WFMQ
- Lebanon, Tennessee; United States;
- Broadcast area: Nashville metropolitan area
- Frequency: 91.5 MHz

Programming
- Affiliations: Bott Radio Network

Ownership
- Owner: Bott Broadcasting Company; (Community Broadcasting, Inc.);
- Sister stations: WECV

Technical information
- Licensing authority: FCC
- Facility ID: 14728
- Class: A
- ERP: 500 watts
- HAAT: 25.0 meters (82.0 ft)
- Transmitter coordinates: 36°12′13.00″N 86°18′1.00″W﻿ / ﻿36.2036111°N 86.3002778°W

Links
- Public license information: Public file; LMS;
- Webcast: Listen live
- Website: bottradionetwork.com/station/91-5-fm-lebanon-tn/

= WFMQ =

WFMQ (91.5 FM) is a radio station licensed to Lebanon, Tennessee, United States, the station serves the Tennessee college area. The station is currently owned by Bott Broadcasting Company and is an owned-and-operated station of the Bott Radio Network, functioning as a repeater of WECV (89.1 FM) in Nashville. The station has obtained a construction permit from the FCC for a power increase to 1,000 watts.
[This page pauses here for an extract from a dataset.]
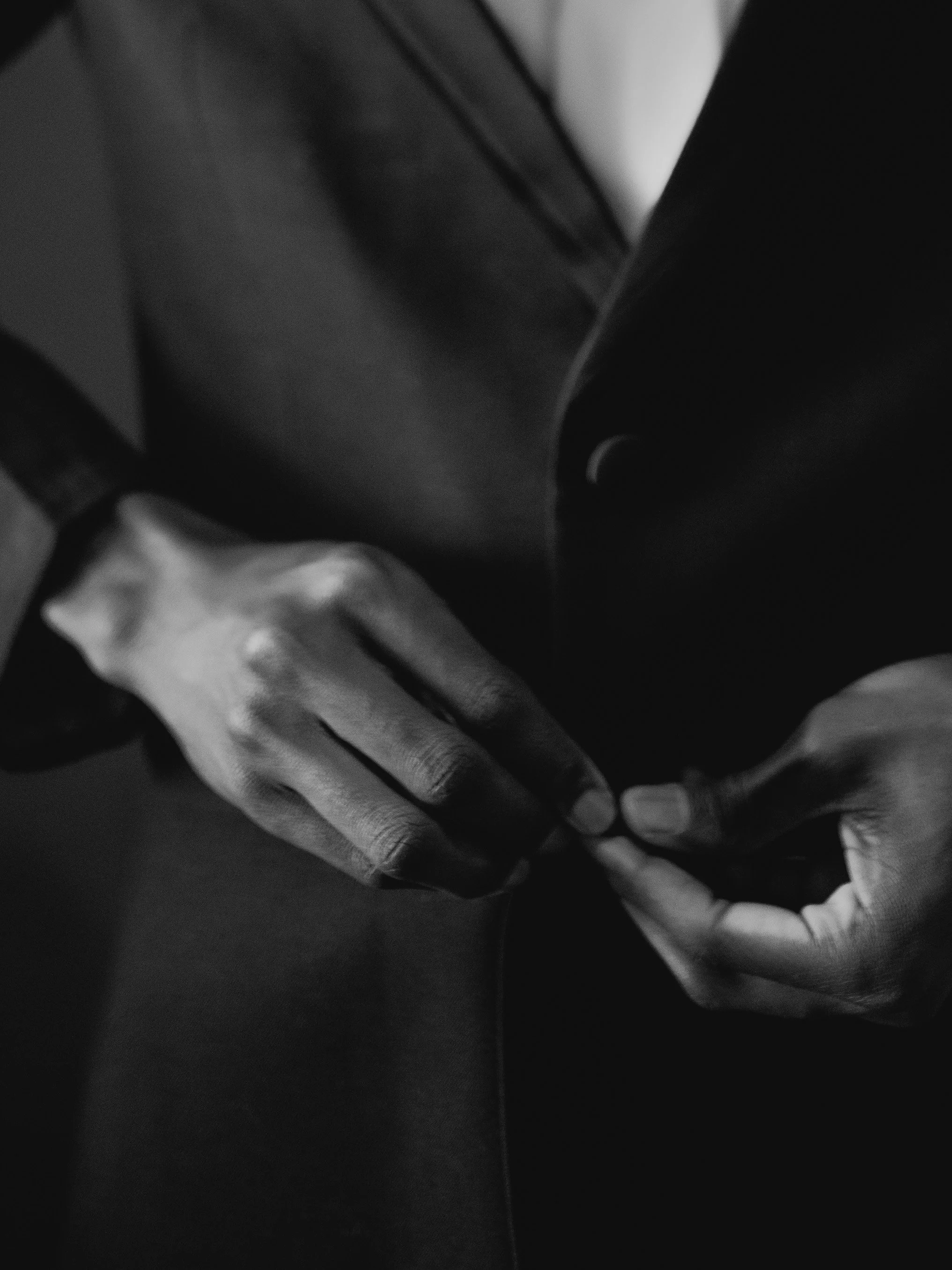 A close-up of a person's hand holding a pen, with a suit jacket sleeve visible. The image is in black and white.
Previously owned by Cumberland University, after taking over in late 2012/early 2013, the EAO Presidents completely re-branded the formally debunked student radio station creating a fully automated system with hundreds of songs from various genres not usually played on air including genres like Electronica, Nu Jazz, and Death Metal.

This re-brand stayed until August 2015 when the EAO presidents graduated.

The station was sold to Community Broadcasting Inc. effective December 18, 2018. It now carries programming from the Bott Radio Network based in Kansas City.